= George Bilgere =

American poet

George Bilgere (born 1951) is an American poet.

Bilgere grew up in Riverside, California, and earned his BA at the University of California, Riverside. He received his MA in English Literature from Washington University in St. Louis and earned a Ph.D. in contemporary British and American Poetry from the University of Denver in 1988.

Bilgere has received grants in poetry from the National Endowment for the Arts and from the Ohio Arts Council. In 1991 he was a Fulbright scholar in Bilbao, Spain. In 2002 was named a Witter Bynner Fellow through the Library of Congress by U.S. Poet Laureate Billy Collins. He has won a Pushcart Prize, and in 2014 was awarded a $20,000 Creative Workforce Fellowship from Cleveland's Community Partnership for Arts and Culture (CPAC). Billy Collins has called Bilgere's work "a welcome breath of fresh, American air in the house of contemporary poetry."

Bilgere has given poetry readings at the Library of Congress, the 92nd Street Y in New York, and at universities and arts centers around the country.

He lives in Cleveland, Ohio, and teaches at John Carroll University. He also hosts "Wordplay", a spoken-word radio program on WJCU that has been called "the Car Talk of poetry."

==Works==
- The Going, poetry (Columbia: University of Missouri Press, 1994)
- Big Bang, poetry (Providence: Copper Beach Press, 1999)
- The Good Kiss, poetry (Akron: University of Akron Press, 2002)
- Haywire, poetry (Logan: Utah State University Press, 2006)
- The White Museum, poetry (Pittsburgh: Autumn House Press, 2010)
- Imperial, poetry, (University of Pittsburgh Press, 2014)
- Blood Pages, poetry, (University of Pittsburgh Press, 2018)
- Central Air, poetry, (University of Pittsburgh Press, 2022)
- Cheap Motels of My Youth, poetry, (Rattle Foundation, 2024)

==Poems in periodicals==
Bilgere's poems have appeared in such publications as Poetry Magazine, Ploughshares, Agni, The Iowa Review, The Sewanee Review, The Kenyon Review, Shenandoah, Chicago Review, New England Review, and Prairie Schooner.

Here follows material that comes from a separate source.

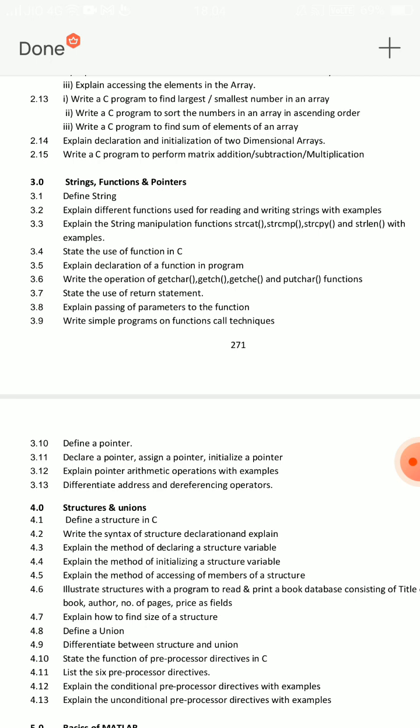You can also choose pointers. Short answer questions: how to declare and define a string, how to declare a pointer — this is important. What is a function? Declare functions. The definition, initialization, and declarations of pointers are short answer questions. The use of functions and return statements will also be helpful. These are the main questions for Unit 3.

His poems appear frequently on Garrison Keillor’s NPR program, The Writer's Almanac, and in Ted Kooser’s American Life in Poetry.

Bilgere has been a featured guest on Garrison Keillor's "A Prairie Home Companion."

==Awards==
- Pushcart Prize 2009
- May Swenson Poetry Award (2006)
- The Ohioana Helen and Laura Krout Memorial Poetry Award (2006)
- Cleveland Arts Prize in Literature (2003)
- The University of Akron Poetry Prize (2002)
- Devins Award for Poetry (1994)

==Critical Review==
Michael Salinger, reviewing a reading from his 2010 book The White Museum, called Bilgere "dangerously clever" and said "Bilgere’s work is deceptively simple. The accessibility that is so often frowned upon by 'serious' poetry instructors invites readers into George's world of cafes where everyday observations take on archetypal importance." John Freeman, writing in The Plain Dealer, said of Imperial, "Manipulating a reader's pace with punctuation, or lack thereof, Bilgere gives us the sense we’re not just there—we’re him, watching. Time speeds up, accelerates, and then it's past. Michael Heaton, reviewing Blood Pages for the Plain Dealer, said: "When I read his stuff, I always marvel at his ability to take the events of everyday life and make them transcendently sacramental and at the same time gently hilarious."